État de la faune aviaire en Gaspésie : même nombre d’espèces pour moins d’individus
Gaspé | La Gaspésie bénéficie de conditions climatiques uniques et d’une variété de paysages propre à son territoire. En vertu de ce microclimat, la péninsule gaspésienne jouit aussi d’une richesse inégalée en matière de faune. Or, y a-t-il plus ou moins d'oiseaux qu'il y a 10 ou 20 ans en Gaspésie? Comment se portent nos oiseaux, d’une MRC à l’autre?
Très globalement, on peut dire qu’il y a moins d’oiseaux en Gaspésie qu’il y a 25 ans. On observe à peu près le même nombre d’espèces, mais moins d’individus », relate Pierre Poulin, vice-président du Club des ornithologues de la Gaspésie. Les oiseaux, dont les canards, se portent bien, excepté le canard pilet et le harle huppé, qui enregistrent de fortes baisses de 62 % et 67 % respectivement. Ces chiffres sont toutefois provinciaux.
De décembre à février, environ 90 espèces d’oiseaux ont été observées en Gaspésie. Les changements climatiques ont-ils aussi un lien avec cette réalité? « Cela est difficilement mesurable, disent de concert Bernard Arseneault, aussi du Club des ornithologues de la Gaspésie, et Pierre Poulin, car les effets du réchauffement climatique sont difficiles à évaluer ».

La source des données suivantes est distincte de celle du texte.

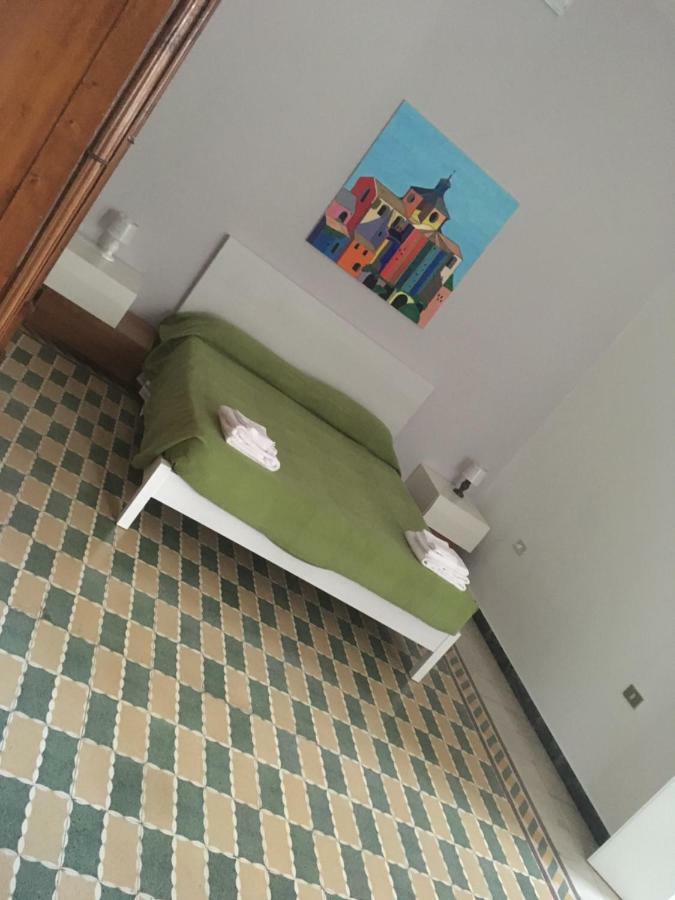 Casa Vacanze Pizzicanto Irsina Exterior foto
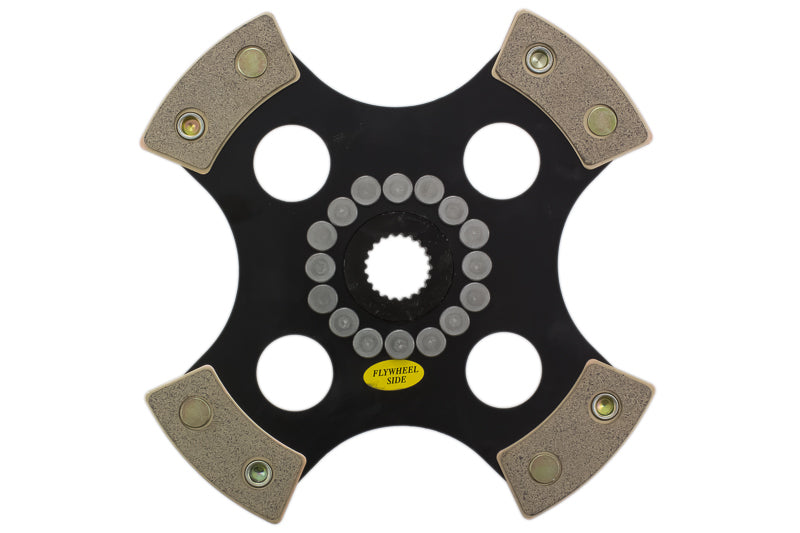 Clutch Discs ACT4240007 ACT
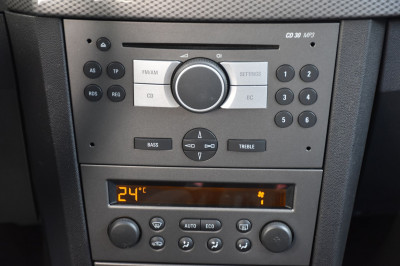 Opel Meriva Gebrauchtwagen Opel Meriva Gebrauchtwagen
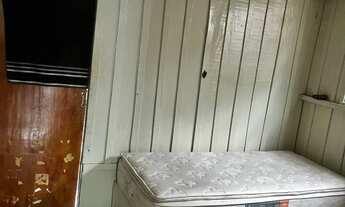 Imagem 5: RESIDENCIAL NO BAIRRO CAIÇARA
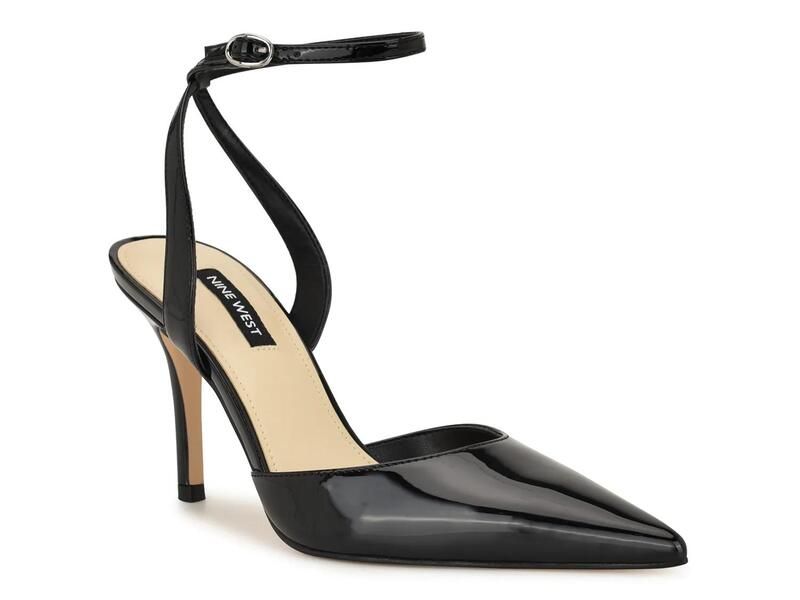 ナインウェスト レディース シューズ パンプス Nine West Grana Pump Black ブラック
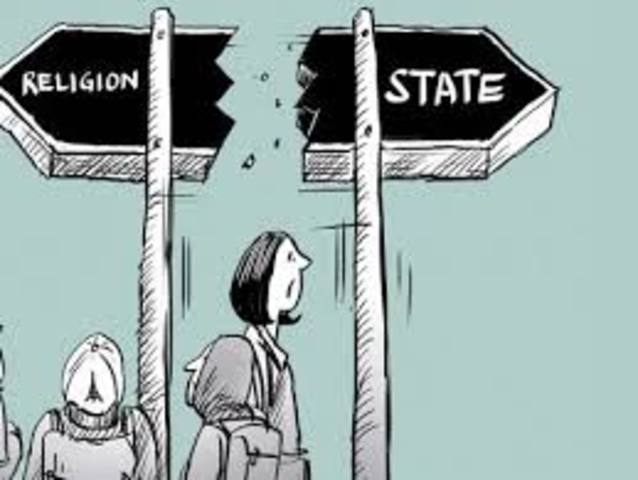 Secularism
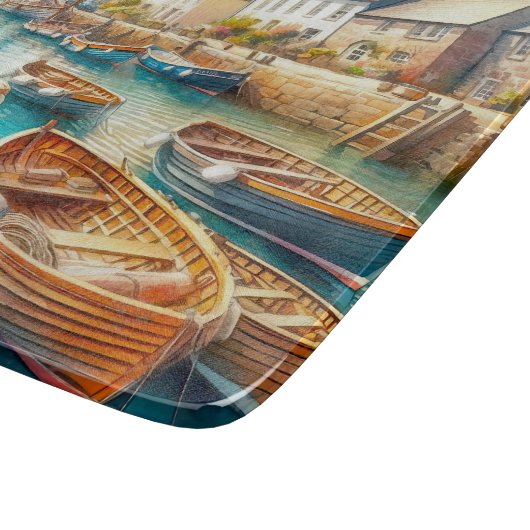 Geschehen zu Tag Schneidebrett (Ecke)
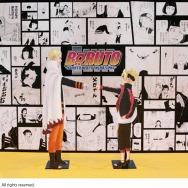 ジャンプフェスタ2017」の一部展示物が大阪に集結！ JUMP SHOP 梅田OPA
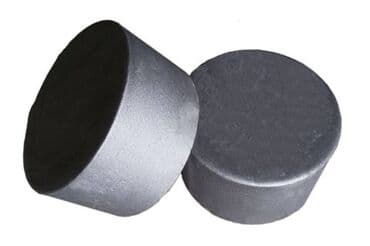 железнодорожная: Круг, Чугун — 1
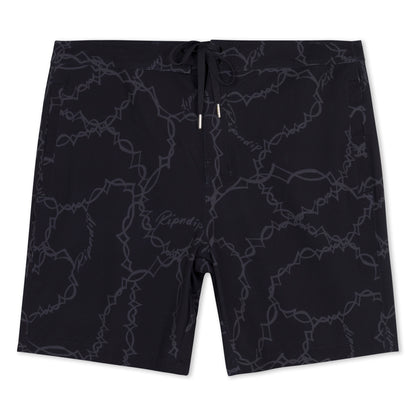 Wired Swim Shorts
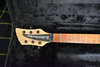 Rickenbacker 350/6 Liverpool, Mapleglo: Headstock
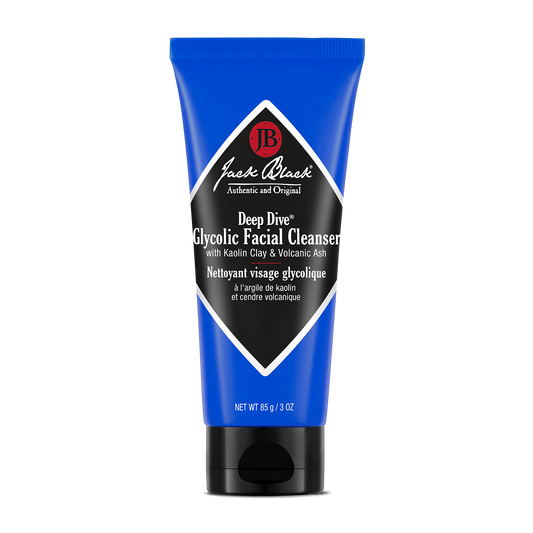 Deep Dive® Glycolic Facial Cleanser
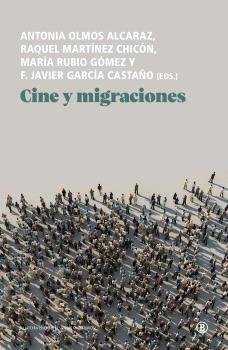 CINE Y MIGRACIONES, de VVAA | portada del libro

Toutefois, ils sont déjà perceptibles, notamment chez la colonie de fous de Bassan, oiseaux iconiques de la Gaspésie. Deuxième colonie en importance en Amérique du Nord, elle connaît une véritable diminution depuis 2012. Les adultes de la colonie du Parc de l’Île-Bonaventure-et-du-Rocher-Percé ont de la difficulté à rendre leurs rejetons aptes à acquérir leur autonomie, faute de nourriture.

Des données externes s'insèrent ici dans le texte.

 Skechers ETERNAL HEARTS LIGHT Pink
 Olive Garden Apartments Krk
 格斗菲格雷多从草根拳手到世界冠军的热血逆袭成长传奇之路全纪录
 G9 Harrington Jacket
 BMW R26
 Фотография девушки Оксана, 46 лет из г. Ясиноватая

« Leur nourriture est moins accessible, elle est trop loin de leur colonie, alors les adultes s’éloignent et les jeunes sont abandonnés », ajoute Pierre Poulin. Ainsi, ce manque de nourriture à des moments-clés du développement des fous de Bassan peut être causé par le réchauffement climatique des eaux et, par ricochet, le déplacement des poissons.
Chaque année, le Club des ornithologues du Québec fait un décompte durant la période des Fêtes. Intitulé RON, pour recensement des oiseaux de Noël, les résultats sont influencés par le nombre d’observateurs sur le terrain, l’état des glaces, la température et l’abondance de nourriture.

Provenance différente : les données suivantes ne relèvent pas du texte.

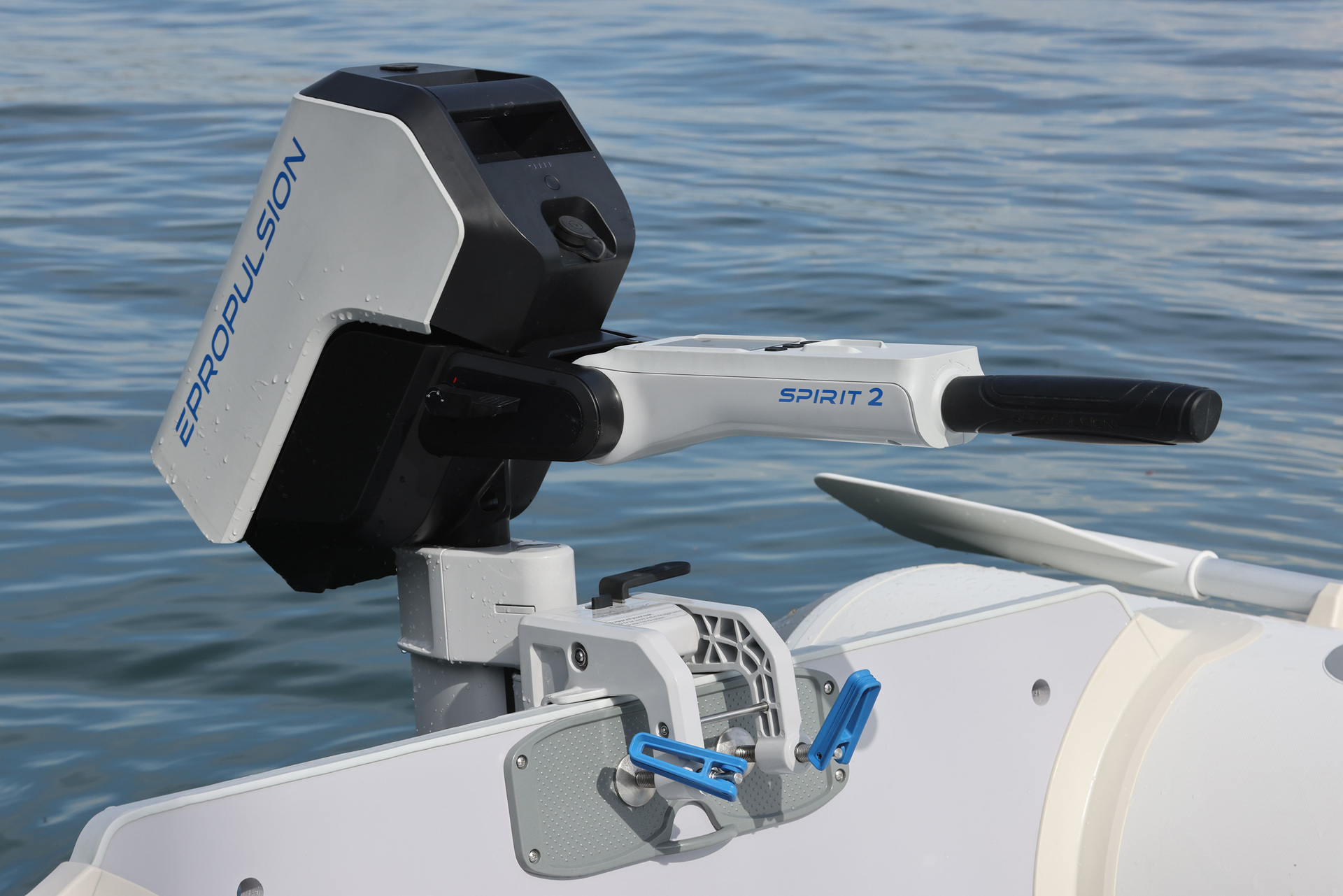 Aqua Marina Aircat 355, photo 5 of 5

« En 2019, par exemple, à New Richmond, observe Pierre Poulin, la pluie était de la partie. Donc, les résultats ont été plus faibles. Il est difficile de voir de véritables tendances de population selon les RON à mon avis. »
Entre 2014 et 2019, le nombre d’espèces observées a légèrement chuté, passant de 59 à 53. Le nombre d’individus a lui aussi diminué, passant de 3710 à 2511. Il y a des espèces indigènes, c’est-à-dire qui sont observables depuis longtemps en Gaspésie. Les fous de Bassan font partie de cette catégorie. Le grand cormoran est également observé dans le secteur de Percé et se déplace jusque dans la baie des Chaleurs l’hiver.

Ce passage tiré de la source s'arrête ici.